DriveSuprim: Towards Precise Trajectory Selection for End-to-End Planning
Journal:
arXiv
Published Date:
Jun 7, 2025
Abstract
In complex driving environments, autonomous vehicles must navigate safely.
Relying on a single predicted path, as in regression-based approaches, usually
does not explicitly assess the safety of the predicted trajectory.
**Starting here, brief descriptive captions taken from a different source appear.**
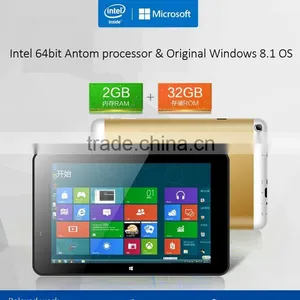 8.9" Windows8 Tablet PC With Retina Screen 1920*1080 Mini PC thumbnail-4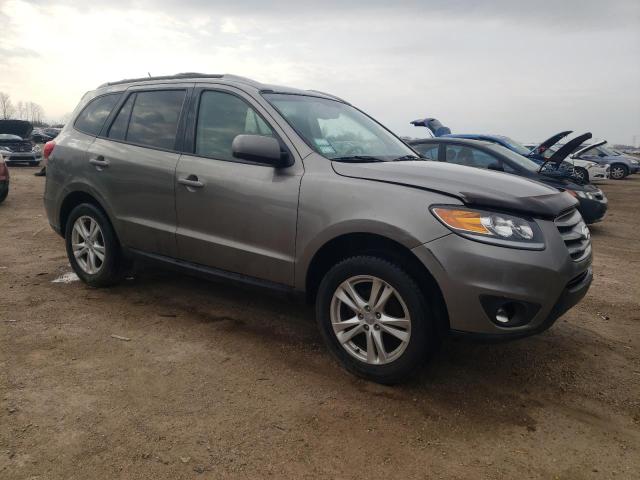  HYUNDAI SANTA FE 2012 tan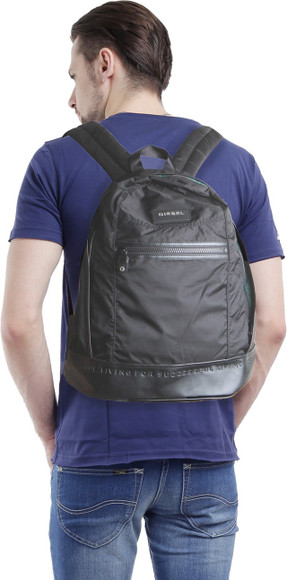 DIESEL X01309PS711 Laptop Backpack T8013 - Price in India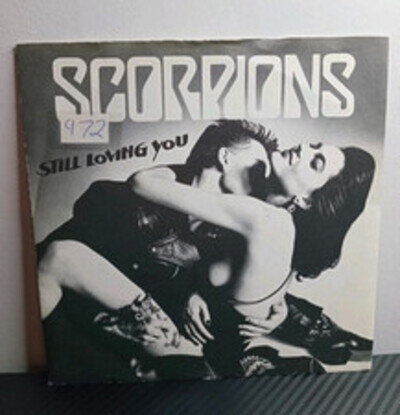 Scorpions - Still Loving You 7" Vinyl Single 1984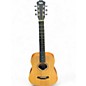 Used Taylor BT1 Baby Left Handed Natural Acoustic Guitar thumbnail
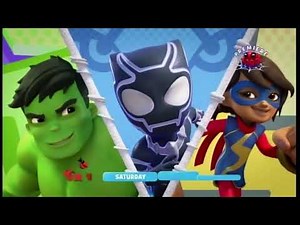 Disney Junior Asia - Continuity (September 8, 2021)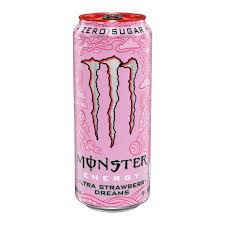 MONSTER ULTRA STRAW DREAM 7179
Selection-based methods address this by generating and scoring multiple
trajectory candidates and predicting the safety score for each, but face
optimization challenges in precisely selecting the best option from thousands
of possibilities and distinguishing subtle but safety-critical differences,
especially in rare or underrepresented scenarios. We propose DriveSuprim to
overcome these challenges and advance the selection-based paradigm through a
coarse-to-fine paradigm for progressive candidate filtering, a rotation-based
augmentation method to improve robustness in out-of-distribution scenarios, and
a self-distillation framework to stabilize training. DriveSuprim achieves
state-of-the-art performance, reaching 93.5% PDMS in NAVSIM v1 and 87.1% EPDMS
in NAVSIM v2 without extra data, demonstrating superior safetycritical
capabilities, including collision avoidance and compliance with rules, while
maintaining high trajectory quality in various driving scenarios.